Linke-Chef Bernd Riexinger mahnte, mit der AfD würden «neofaschistische Kräfte» in den Bundestag einziehen.

Der Fraktions- und Parteivorsitzende der Liberalen, Christian Lindner, sagte nach einer Sitzung der FDP-Bundestagsabgeordneten, die Partei unterstütze den Brauch, «dass jede Fraktion des Hauses auch im Präsidium des Deutschen Bundestages vertreten ist». Die Entscheidung über die einzelnen Kandidaten bleibe indes jedem FDP-Abgeordneten selbst überlassen. «Die Eignung, die politische, die charakterliche Eignung einer Persönlichkeit (...) haben wir in die Hände unserer Kolleginnen und Kollegen gegeben.»

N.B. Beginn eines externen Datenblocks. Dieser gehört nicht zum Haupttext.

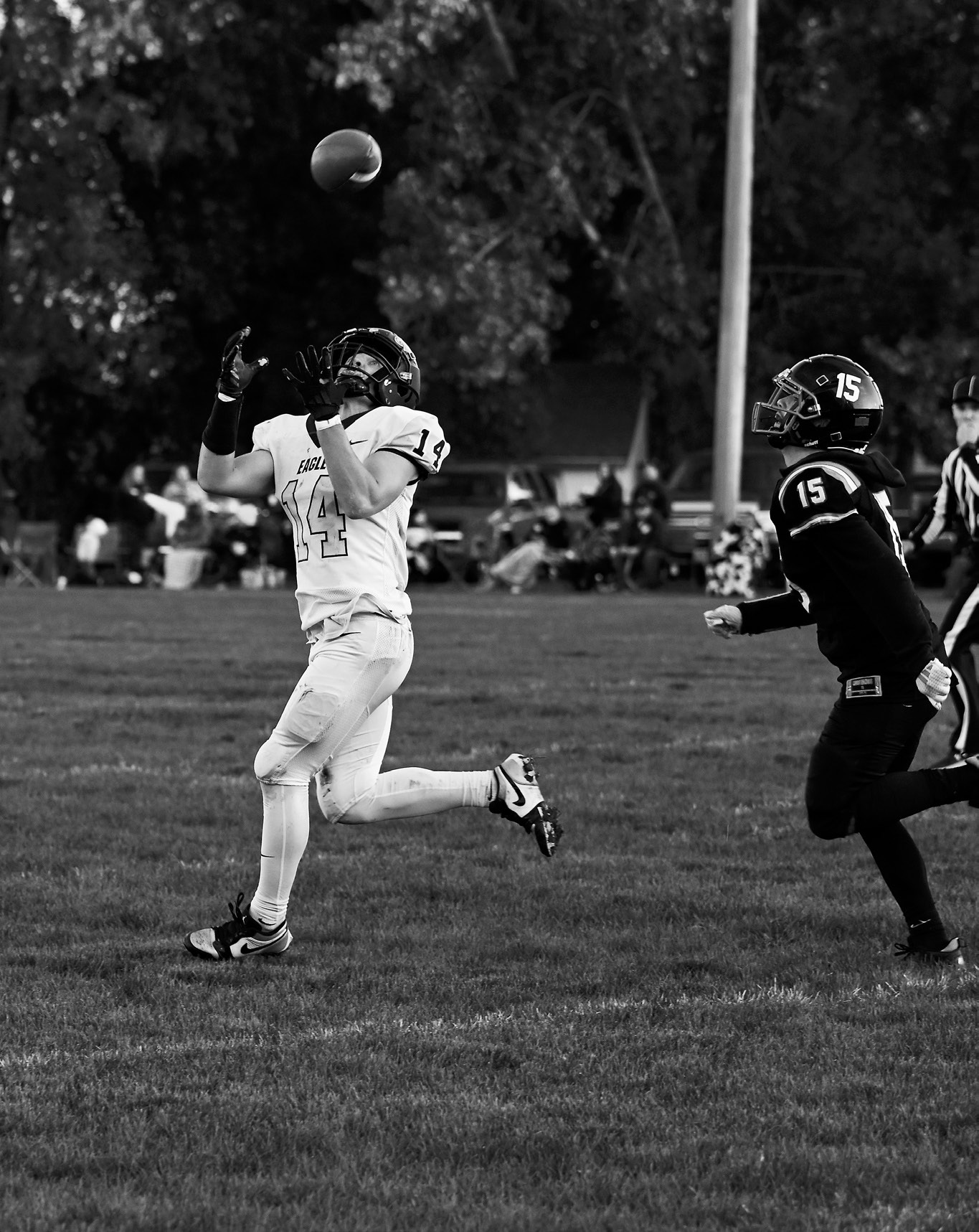 Colton Bailly pulls down the reception to keep the drive alive.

Die Eröffnungsrede im neuen Bundestag hält der FDP-Politiker Hermann-Otto Solms als Alterspräsident. Er ist der Abgeordnete mit den zweitmeisten Dienst- (33) und auch den zweitmeisten Lebensjahren (76). Eigentlich hätte Schäuble das Rederecht zur Eröffnung gehabt, weil er seit 45 Jahren dem Bundestag angehört und damit so lange wie kein anderer Abgeordneter. Da er aber nach seiner als sicher geltenden Wahl zum Bundestagspräsidenten eine Antrittsrede halten wird, ließ er Solms den Vortritt.

In der vergangenen Legislaturperiode waren noch die Lebensjahre für die Bestimmung des Alterspräsidenten ausschlaggebend. Kurz vor der Wahl wurde diese Regel aber geändert. Andernfalls hätte der 77 Jahre alte AfD-Politiker Wilhelm von Gottberg die erste Sitzung eröffnet.